Трудно было, например, предположить, что совсем ещё молодая женщина, „мадонна“, „психея“, „поэтическая Пушкина“ и т. д. может размышлять о том — дать ли взятку, чтобы соответствующим образом повлиять на решение в пользу Гончаровых очень важного для них процесса с арендатором их фабрик купцом И. Г. Усачевым. Между тем 1 октября 1835 года она пишет брату: „Второе, что я хотела бы знать: является ли правая рука Лонгинова[415], т. е. человек, занимающийся нашим делом, честным человеком, или он из таких, которых надо подмазать? В этом случае надо соответственно действовать. Как только я это узнаю точно, я дам тебе знать об этом“. В отсутствие мужа, уехавшего в Михайловское, Наталья Николаевна настойчиво обихаживает сановников, от которых зависит решение по данному делу[416]. Сенатор Бутурлин советует ей самой обратиться к царю, взяв обратно прошение, поданное Дмитрием Николаевичем. Пушкина решает последовать этому совету и пишет брату: „Прости, но он (Бутурлин.— Н. Р.) говорит, что моё имя и моя личность более известны Его Величеству, чем твои“. Только вежливое, но настоятельное письмо Лонгинова от 31 октября 1832 года, указавшего на полную неуместность такого шага, заставляет Наталью Николаевну от него отказаться.

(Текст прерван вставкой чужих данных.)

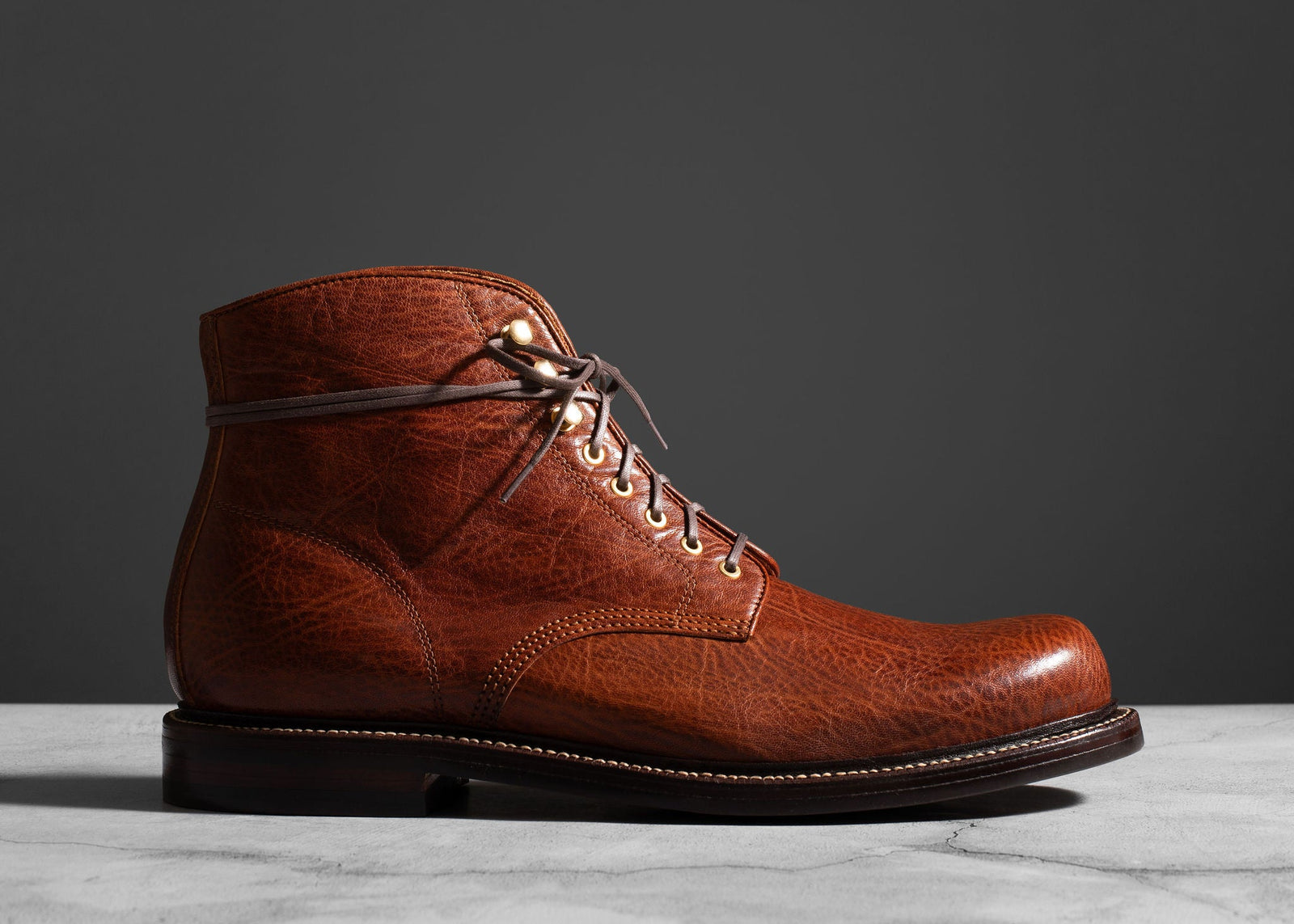 Baroda Boot Rich Tan Sokoto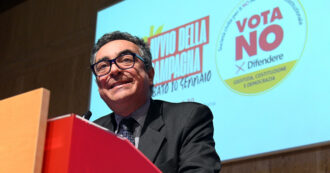 Copertina di Referendum, Grosso: “Contro di noi attacchi volgari”. E ringrazia gli avvocati: “Non è vero che sono tutti per il Sì”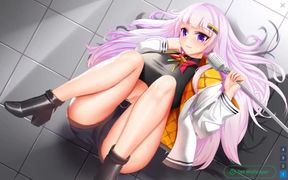 Live Waifu Wallpaper - Part 5 - Sexy Babe Singer by Loveskysan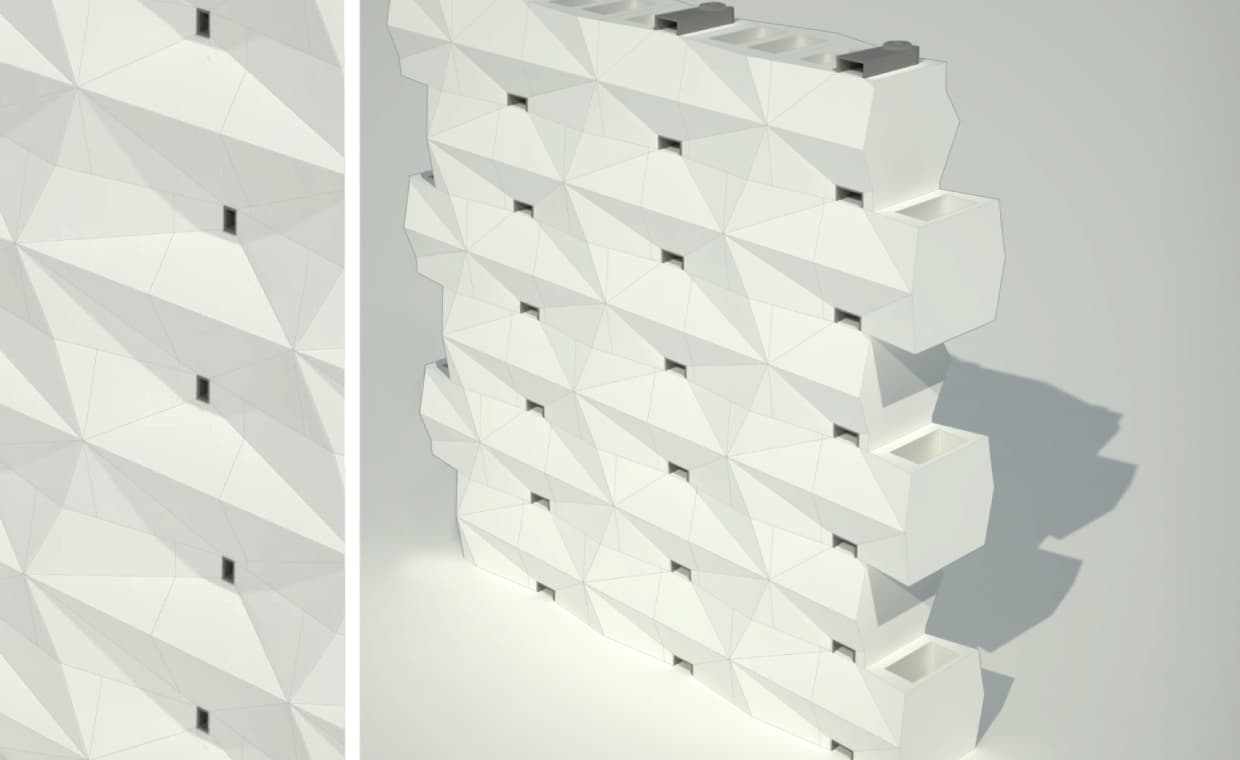 Pollution Absorbing Brick for Buildings Pollution Absorbing Brick for Buildings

Быстро и умело Наталья Николаевна исполнила просьбу Пушкина, которому летом 1835 года понадобилась бумага для задуманного им альманаха[417]. Как видно из её письма к брату от 18 августа, она приняла эту просьбу близко к сердцу: „Мой муж поручает мне, дорогой Дмитрий, просить тебя оказать любезность — приготовить ему 85 стоп бумаги по образцу, который я прилагаю к этому письму <…> Я прошу не отказать нам, дорогой брат, если наша просьба не затруднит и не создаст тебе неудобств“. Ряд писем к жене во время его последней поездки в Москву в мае 1836 года показывает, что в это время она фактически исполняла обязанности секретаря редакции „Современника“. Исполняла старательно, хотя, кажется, спутала Гоголя и Кольцова. „Ты пишешь о статье Гольцовской. Что такое? Кольцовской или Гоголевской?“ „Гоголя печатать, а Кольцова рассмотреть“, — наказывает Пушкин 11 мая.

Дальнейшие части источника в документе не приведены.